--- Your goal ---
Apart from the pictures, every line below needs to be reproduced verbatim.

--- Materials provided ---
[Start of Attachment]

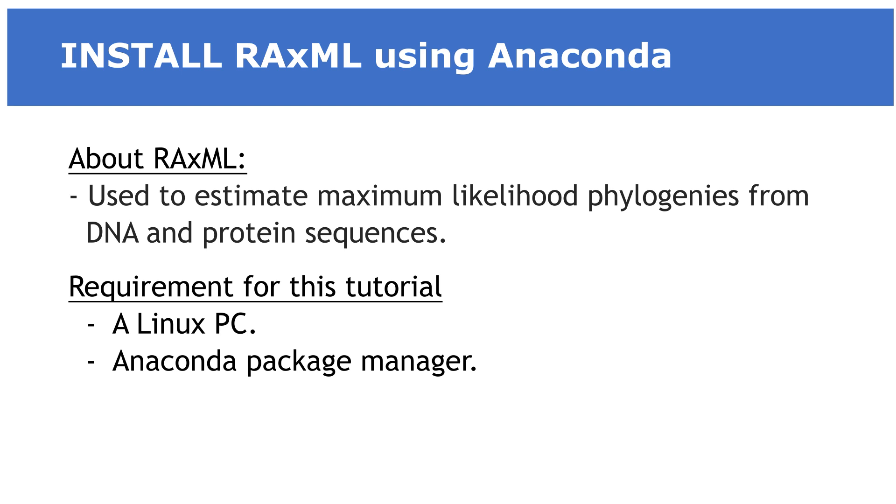In today's video, I am going to show you how you can use Anaconda to install RAxML in a Linux environment. RAxML is a tool that is used to estimate maximum likelihood phylogenies from DNA and protein sequences. You can run it in different operating systems but our focus today is on Linux.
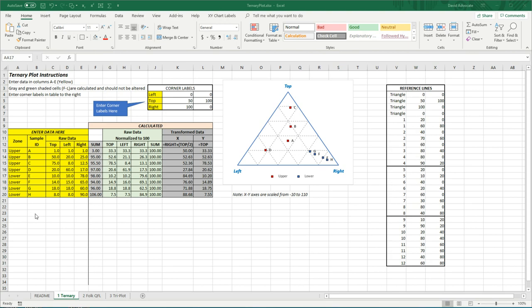Your compositional data can be entered over here in the yellow cells, as well as information about the zone or rock formation and some sample ID number.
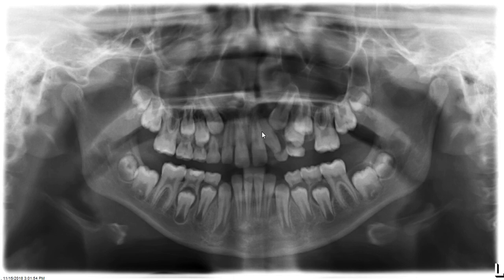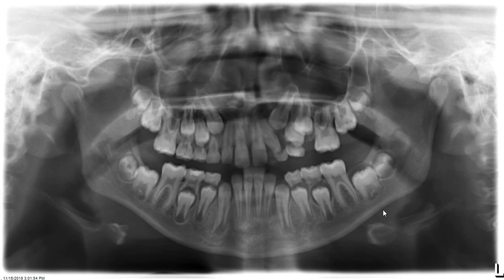Another area we need to pay close attention to is this region. The reason this radiograph was actually referred to me was to evaluate this particular area for ruling out pathology, including odontogenic tumors or cysts, along with an extra follicle or supernumerary tooth in this region. Take a moment to look at this region and decide whether this is most likely a normal anatomic feature, a definitively abnormal area, or somewhere in between — make up your mind before we dive into it together.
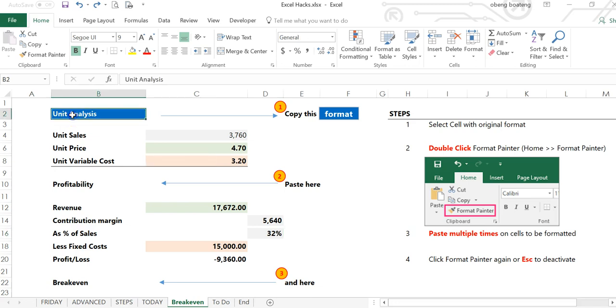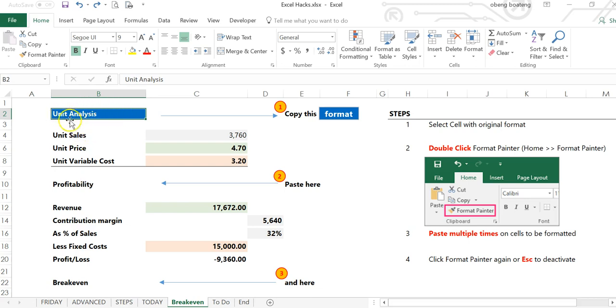Format Painter allows you to copy formats of cells or ranges and apply them to different parts of your worksheets or workbook. In this example, I want to copy this format, which is a blue fill and white font, to other cells.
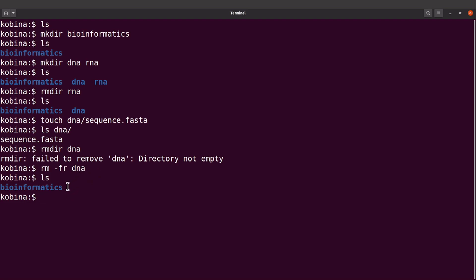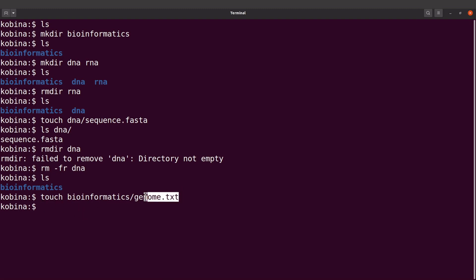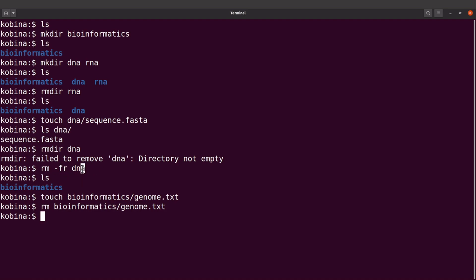But if you want to remove just a specific file in a directory, you just have to specify the directory and then the file. Let's create another file in the bioinformatics directory using touch. If I want to remove that file, I say rm bioinformatics/genome.txt and it will be removed. So: rmdir is for empty directories, rm -rf is for non-empty directories and removes everything including the directory itself, and for regular files you use rm followed by the file path. We will cover more advanced commands later, but for now try your hands on these commands.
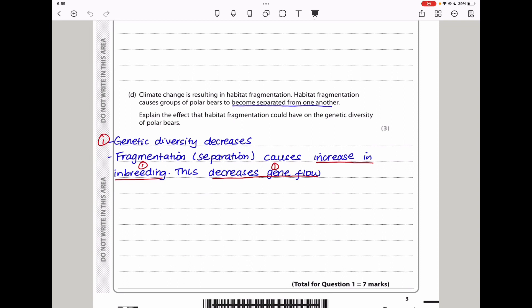Climate change is resulting in habitat fragmentation, causing groups of polar bears to become separated from one another. They want you to explain the effect on genetic diversity. If there is habitat fragmentation, there will be a lot of inbreeding because the separated polar bears breed only within their own groups. This causes a decrease in genetic diversity and a decrease in gene flow.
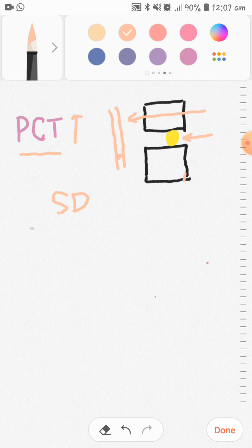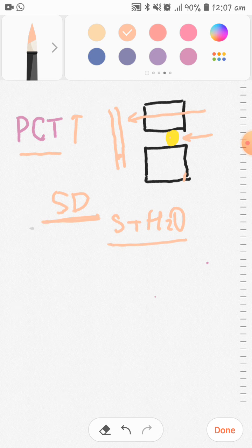Solvent drag means that when water diffuses through tight junctions, the solutes are also dragged along with it. This process is called solvent drag. The tubular cells have tight junctions, but they are not so tight that solutes cannot diffuse — there is permeability in the PCT, so other solutes can diffuse here as well.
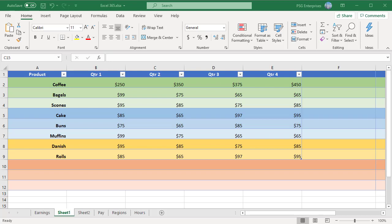Excel tables use a new type of formula notation called structured references. Instead of referencing individual cells, formulas in tables reference the table name and column headers.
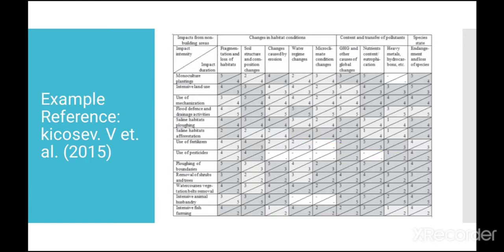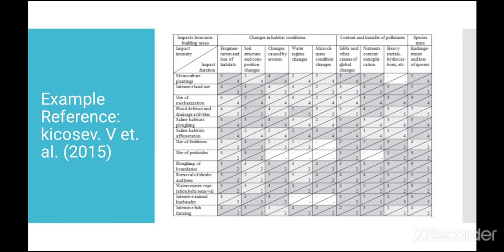This table shows an example of the environmental impact assessment by using a Leopold matrix. The scaling done depends upon the judgment of the individual or the assessment committee and it would be backed by the data collected. As you can see in this example, there might be several blank cells and those blank cells indicate that the corresponding project activities don't have an impact on the environmental aspect.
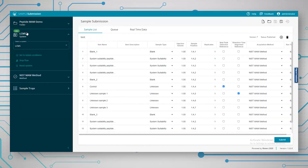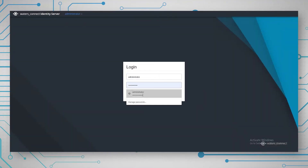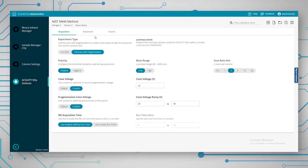On the left, we can interact with the system — our LCMS system is green and ready to use. We can set to initial conditions, setting the flow rate and column temperature, and we can stop the flow and reset the system. We can also go into the acquisition method editor, which is another app in Waters Connect. Here we can see parameters for the BSM, the sample manager, the column settings, and the mass spectrometer — all the mass spec parameters for a full scan of fragmentation acquisition, which is the standard peptide acquisition that we use. We can edit the method here or browse in another method.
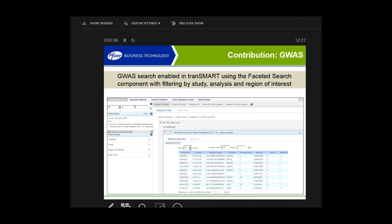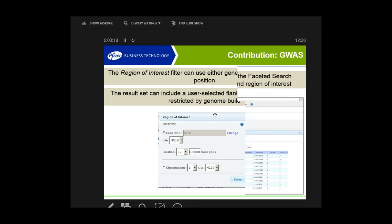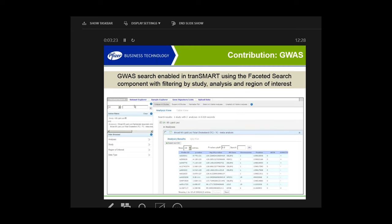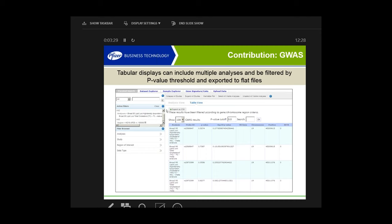You can pick a study of interest like the 95 lipid loci. You can pick one or more analyses of interest, or one or more studies of interest. For the region of interest, you can put in the name of a specific gene or a specific SNP plus the flanking region around that gene or SNP that you think would be pertinent. You can choose the human genome build, and when you select that it will become part of the filter and give you a similar tabular output. This allows you to look at multiple analyses on the same tabular output.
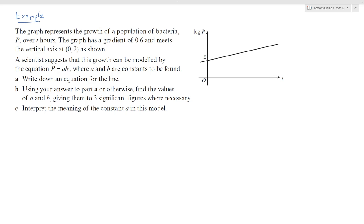For the second example, the graph represents the population of bacteria growing over time t hours. Scientists have suggested the growth can be modelled by p equals a times b to the power of t, where a and b are both constants to be found. We're given a gradient of 0.6 and a y-intercept of 2.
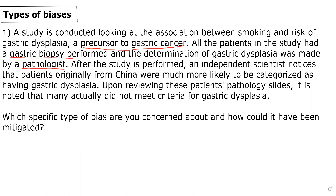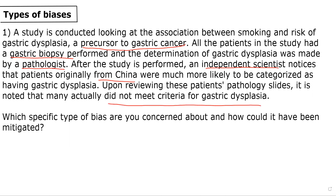After the study is performed, an independent scientist noticed that patients originally from China were much more likely to be categorized as having gastric dysplasia, and upon reviewing these patients' pathology slides, it is noted that many actually did not meet criteria for gastric dysplasia.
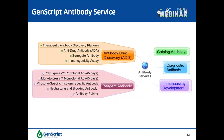This is an overview of the antibody services we offer at GenScript. Besides antibody drug discovery-related services — which include the therapeutic antibody drug discovery platform, anti-idiotype antibody generation, surrogate antibody, and immunogenicity assessment — we also offer reagent antibody services for polyclonal antibodies, monoclonal antibodies, phospho-specific antibodies, neutralization and blocking antibodies, and antibody pairing. We also offer more than 1,000 catalog antibodies, diagnostic antibodies, and immunoassay development such as ELISA kits for endogenous protein detection, host cell protein detection, and PK and immunogenicity evaluation.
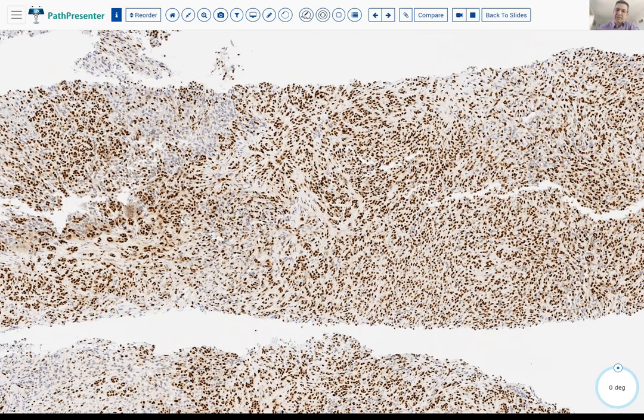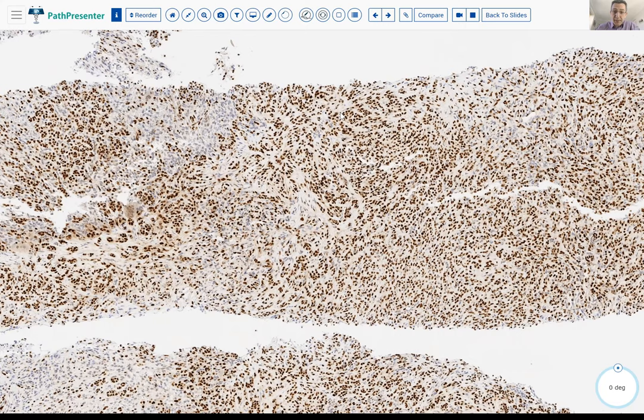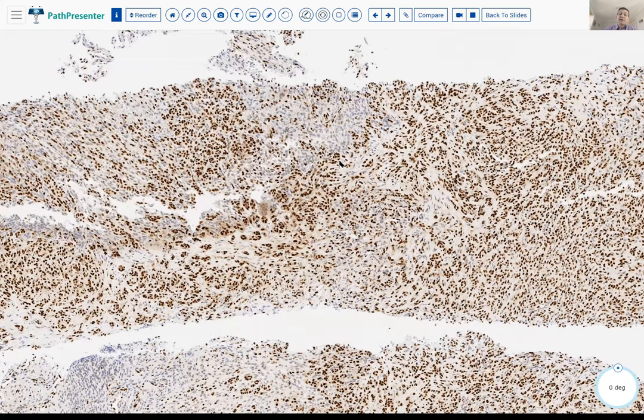This case was also positive for CD31 and is diffusely positive for ERG. The background non-neoplastic cells are negative, serving as an internal control. So this tumor is actually an epithelioid hemangioma. There are a lot of recent exciting discoveries about epithelioid hemangioma that I'll discuss now.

[End of Attachment]

--- Exercise output ---
In today's video, I am going to show you how you can use Anaconda to install RAxML in a Linux environment. RAxML is a tool that is used to estimate maximum likelihood phylogenies from DNA and protein sequences. You can run it in different operating systems but our focus today is on Linux.
Your compositional data can be entered over here in the yellow cells, as well as information about the zone or rock formation and some sample ID number.
Another area we need to pay close attention to is this region. The reason this radiograph was actually referred to me was to evaluate this particular area for ruling out pathology, including odontogenic tumors or cysts, along with an extra follicle or supernumerary tooth in this region. Take a moment to look at this region and decide whether this is most likely a normal anatomic feature, a definitively abnormal area, or somewhere in between — make up your mind before we dive into it together.
Format Painter allows you to copy formats of cells or ranges and apply them to different parts of your worksheets or workbook. In this example, I want to copy this format, which is a blue fill and white font, to other cells.
But if you want to remove just a specific file in a directory, you just have to specify the directory and then the file. Let's create another file in the bioinformatics directory using touch. If I want to remove that file, I say rm bioinformatics/genome.txt and it will be removed. So: rmdir is for empty directories, rm -rf is for non-empty directories and removes everything including the directory itself, and for regular files you use rm followed by the file path. We will cover more advanced commands later, but for now try your hands on these commands.
Climate change is resulting in habitat fragmentation, causing groups of polar bears to become separated from one another. They want you to explain the effect on genetic diversity. If there is habitat fragmentation, there will be a lot of inbreeding because the separated polar bears breed only within their own groups. This causes a decrease in genetic diversity and a decrease in gene flow.
Solvent drag means that when water diffuses through tight junctions, the solutes are also dragged along with it. This process is called solvent drag. The tubular cells have tight junctions, but they are not so tight that solutes cannot diffuse — there is permeability in the PCT, so other solutes can diffuse here as well.
Excel tables use a new type of formula notation called structured references. Instead of referencing individual cells, formulas in tables reference the table name and column headers.
This table shows an example of the environmental impact assessment by using a Leopold matrix. The scaling done depends upon the judgment of the individual or the assessment committee and it would be backed by the data collected. As you can see in this example, there might be several blank cells and those blank cells indicate that the corresponding project activities don't have an impact on the environmental aspect.
On the left, we can interact with the system — our LCMS system is green and ready to use. We can set to initial conditions, setting the flow rate and column temperature, and we can stop the flow and reset the system. We can also go into the acquisition method editor, which is another app in Waters Connect. Here we can see parameters for the BSM, the sample manager, the column settings, and the mass spectrometer — all the mass spec parameters for a full scan of fragmentation acquisition, which is the standard peptide acquisition that we use. We can edit the method here or browse in another method.
You can pick a study of interest like the 95 lipid loci. You can pick one or more analyses of interest, or one or more studies of interest. For the region of interest, you can put in the name of a specific gene or a specific SNP plus the flanking region around that gene or SNP that you think would be pertinent. You can choose the human genome build, and when you select that it will become part of the filter and give you a similar tabular output. This allows you to look at multiple analyses on the same tabular output.
For the second example, the graph represents the population of bacteria growing over time t hours. Scientists have suggested the growth can be modelled by p equals a times b to the power of t, where a and b are both constants to be found. We're given a gradient of 0.6 and a y-intercept of 2.
After the study is performed, an independent scientist noticed that patients originally from China were much more likely to be categorized as having gastric dysplasia, and upon reviewing these patients' pathology slides, it is noted that many actually did not meet criteria for gastric dysplasia.
This is an overview of the antibody services we offer at GenScript. Besides antibody drug discovery-related services — which include the therapeutic antibody drug discovery platform, anti-idiotype antibody generation, surrogate antibody, and immunogenicity assessment — we also offer reagent antibody services for polyclonal antibodies, monoclonal antibodies, phospho-specific antibodies, neutralization and blocking antibodies, and antibody pairing. We also offer more than 1,000 catalog antibodies, diagnostic antibodies, and immunoassay development such as ELISA kits for endogenous protein detection, host cell protein detection, and PK and immunogenicity evaluation.
This case was also positive for CD31 and is diffusely positive for ERG. The background non-neoplastic cells are negative, serving as an internal control. So this tumor is actually an epithelioid hemangioma. There are a lot of recent exciting discoveries about epithelioid hemangioma that I'll discuss now.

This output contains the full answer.